December 4, 2019 by Peter T Young 2 Comments

Waiʻalae Country Club

In 1887, Daniel Paul Rice Isenberg (Paulo Liʻiliʻi) (son of the Paul Isenberg, one of the founders of H. Hackfeld & Co. (Amfac) and one of the organizers of the Līhuʻe Sugar plantation) invested a large part of his inheritance in the development of a 3,000-acre ranch at Waiʻalae, Oʻahu.

He obtained the major part of Kaimuki from the Lunalilo and Bishop estates, and used this land for cattle, alfalfa and race horses.

He was the first ranchman in the islands to demonstrate the growth and uses of alfalfa, a valuable stock feed, but he couldn’t realize much of a profit because sugar and rice were top priority, then.

His birthday was on June 11, Kamehameha Day, the day for horse races at Kapiʻolani, and “rarely did it pass without a luau at Waiʻalae Ranch.” King Kalākaua frequently visited Isenberg at his ranch for the evening, for both of them enjoyed the same things, festivities, luaus and singing.

In 1919, after Isenberg’s death, the ranch’s lease was sold to accommodate a dairy by 1924; it was the largest dairy in Honolulu.

Then, in 1927, the Territorial Hotel Co., as part of a promotional program to develop luxury travel trade to Hawaiʻi on the mother company’s Matson Navigation Co. cruise ships, built the Royal Hawaiian Hotel … and with it the Waiʻalae Golf Course.

The hotel and golf course lands were leased from the Bernice Pauahi Bishop Estate. The Golf Course was opened for play on February 1, 1927. In July 1927, the Isenberg ranch home near the mouth of Wai‘alae stream became the club house for the Wai‘alae Golf Course.

Local players were able to use the course, and by payment of annual fees for play became “privilege card holders” in the Territorial Hotel Company’s Waiʻalae Golf Club.

In 1930, a group of these Waiʻalae players formed a private club within the Waiʻalae Golf Club which they called Waiʻalae Country Club. It enlarged a small service building close to the main clubhouse, installed showers and had its own clubhouse where the swimming pool is now located.

The great depression of the 1930s severely reduced travel and resulted in bankruptcy of the Territorial Hotel Co. Matson took over the obligations and interests of the Territorial Hotel Co. which included the Royal Hawaiian Hotel, the Moana Hotel and Waiʻalae Golf Club.

By the 1930s, the beachfront along Kahala Avenue was being developed with homes, while farming continued in other areas. In 1938, more than 50 pig farms were operating in the vicinity of Farmers Road and Kahala Avenues.

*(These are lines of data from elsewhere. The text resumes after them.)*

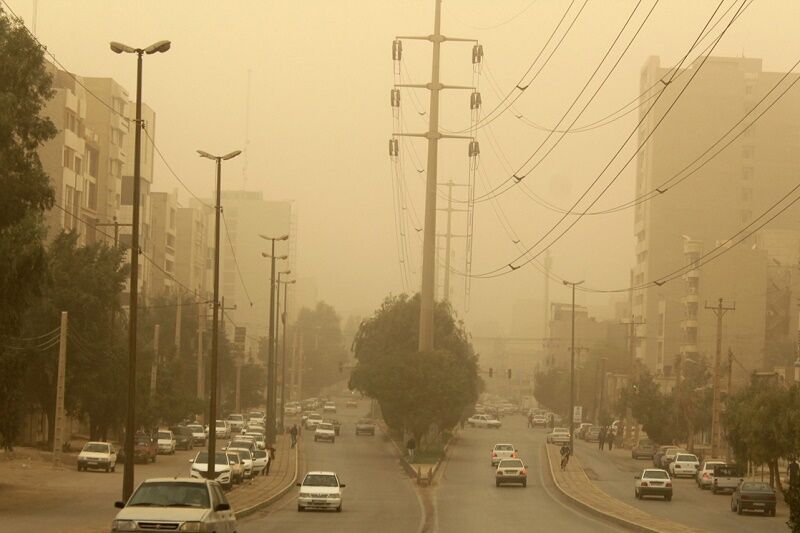 کاهش دما و گرد و غبار در خوزستان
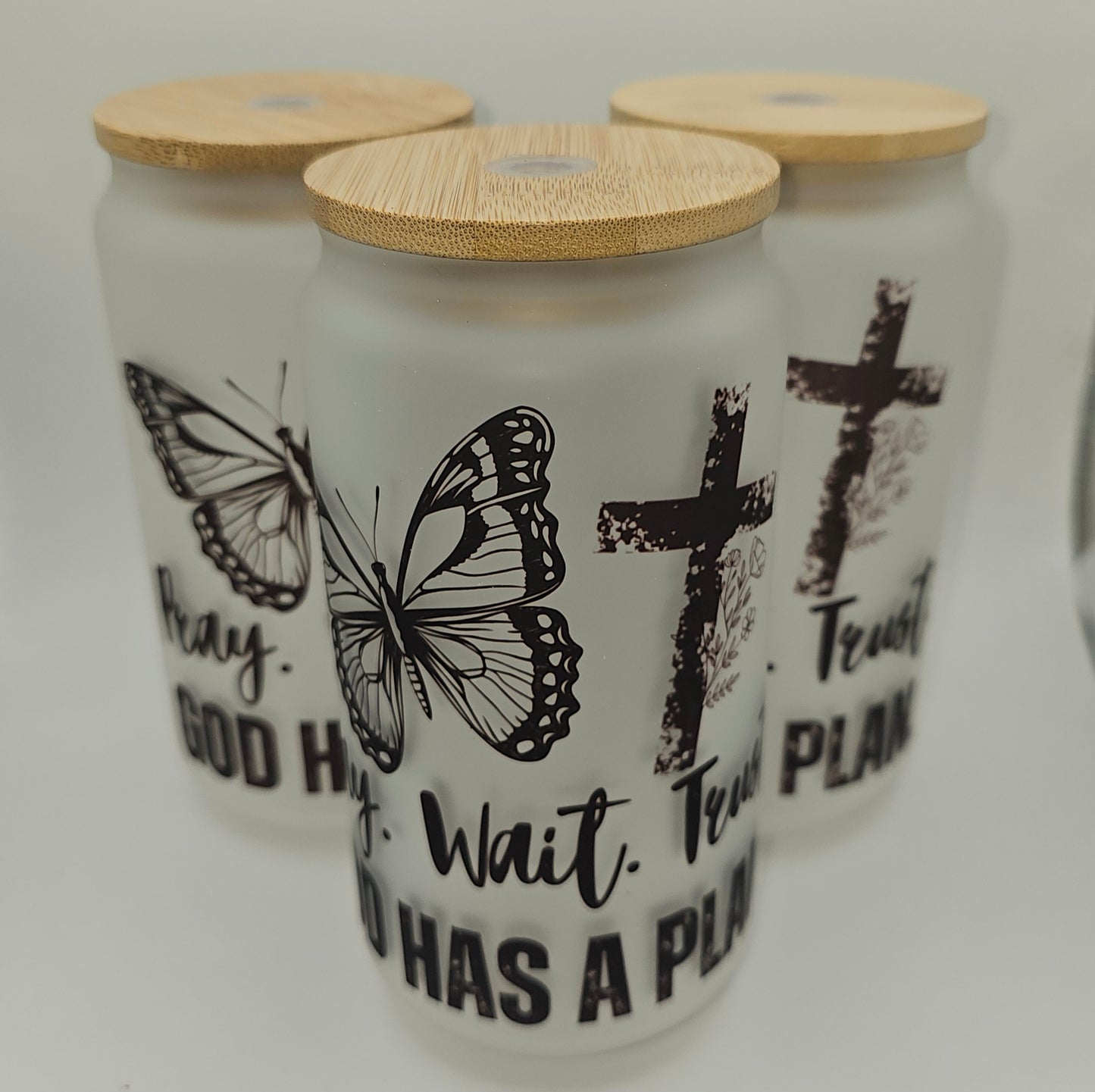 “Pray. Wait. Trust.” Frosted Glass Tumbler – 16oz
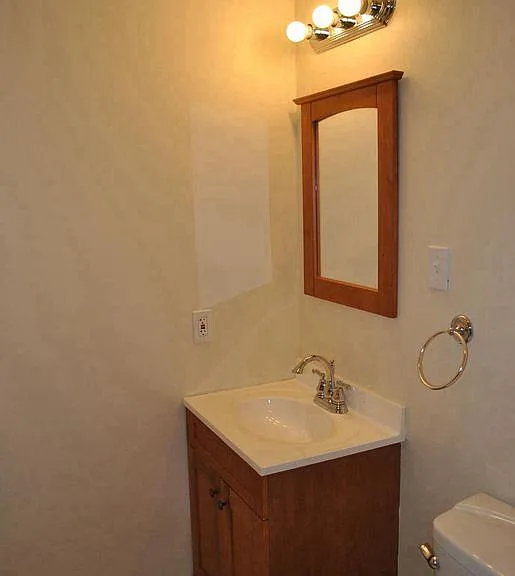 36 Howard Ct — Photo 7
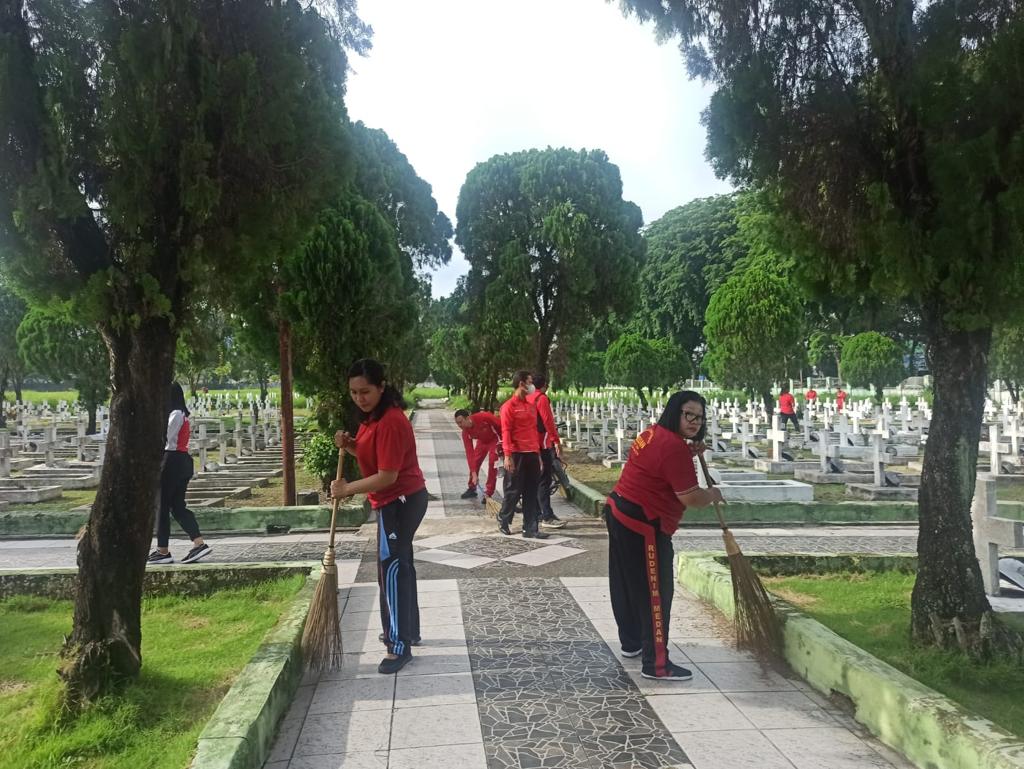 Semarak Hari Lahir Kemenkumham Ke-78, Rudenim Medan Lakukan Aksi Bersih-Bersih Makam Pahlawan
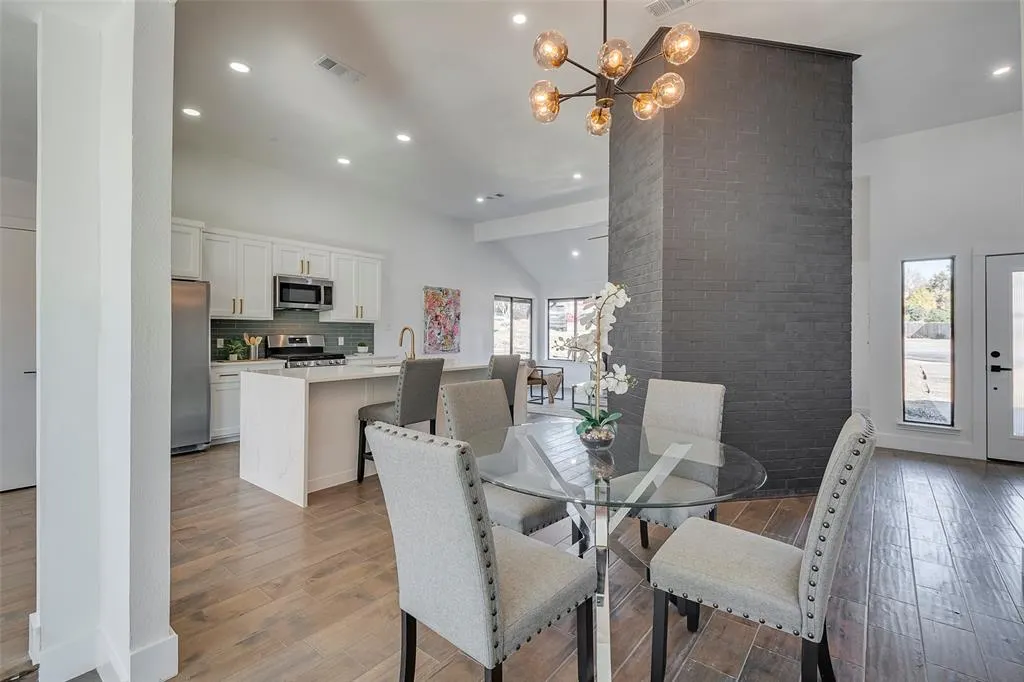 5607 Emrose Circle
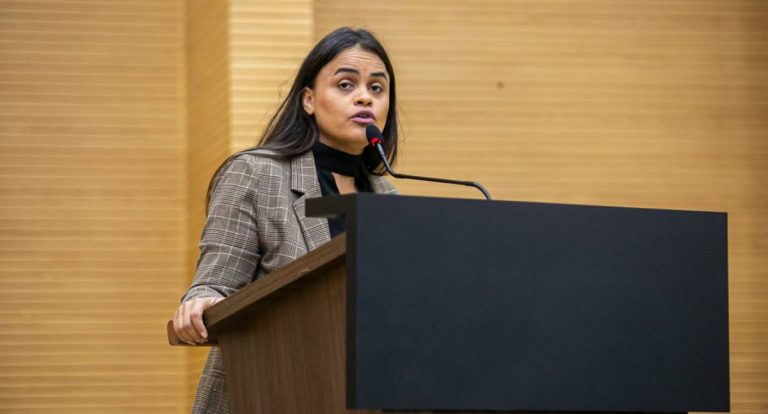 Dra. Taíssa cobra melhorias no atendimento da Sefin em Guajará-Mirim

Residents of the area, citing an increase in rats and mice at Kahala, petitioned the territorial board of health to remove the pig farms (Honolulu Advertiser, December 20, 1938).

During these years, play on the course was mainly by local privilege card holders, most of whom were members of Waiʻalae Country Club.

In August of 1941, fire destroyed the Waiʻalae Pavilion which was used by Waiʻalae Golf Club for dining and dancing, and Matson decided to turn the golf course and remaining buildings over to Waiʻalae Country Club.

Before this plan was consummated, the US had entered World War II, the military had requisitioned the Royal Hawaiian Hotel, and numerous military defenses had been installed along Oʻahu’s coastline including the golf course at Waiʻalae.

Waiʻalae Country Club was incorporated on September 30, 1942 and became lessee of the golf course acreage and a small section of land owned by Matson on which the old Isenberg home (later The Pavilion) had been located. The military built a replacement for the Pavilion because of the heavy use of the course by military personnel during the war.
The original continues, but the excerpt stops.